For years I’ve been hearing about an immortally bad volume of poetry, The Captain of the ‘Dolphin’ and Other Poems of the Sea, by Frederick J. Johnston-Smith. The glimpses I’ve seen look fantastic:
We piled more wood upon the blazing hearth —
More broken planks from off the mould’ring wreck;
The billets, all composed of Norway pine,
Were evidently portions of the deck.
The morning came the tempest’s trail impatient to elute;
The merry birds assistance gave — played each his fife or flute.
A balminess the darkened hours had brought from out the south.
Each breaker doffed its cap of white and shut its blatant mouth.

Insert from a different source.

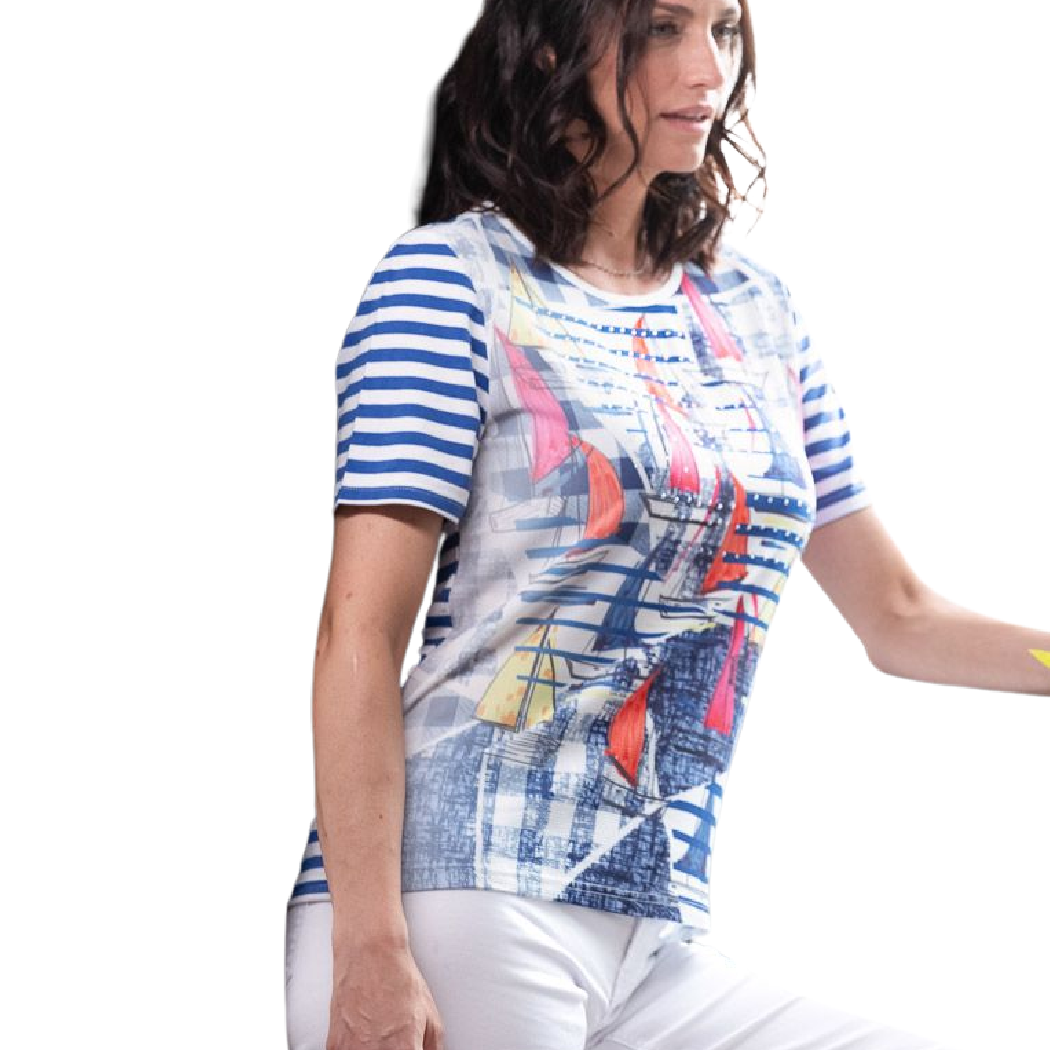 Alison Sheri Sailboat Print Top with Subtle Crystal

Strike, strike your flag, Sidonia,
And lessen death and pain!
“Strike!” “Fight!” are but synonyma
For misery to Spain.
(Where the Goddess Aurora sits shaking her fan
In the face of a vapourless moon —
Where the sun circles round for the half of the year
And is cold — like a yellow balloon)
(to a lapwing:)
I thank you for cutting the thread of my thought
With a snip of your scissors-like bill,
For why should my mind with a thinking be fraught
Of men’s indefectible ill?
I’ve just discovered that the whole thing is on the Internet Archive — including a Glossary of Nautical Terms in which the poet informs us that the “wheel” is “that with which the helmsman steers the ship.”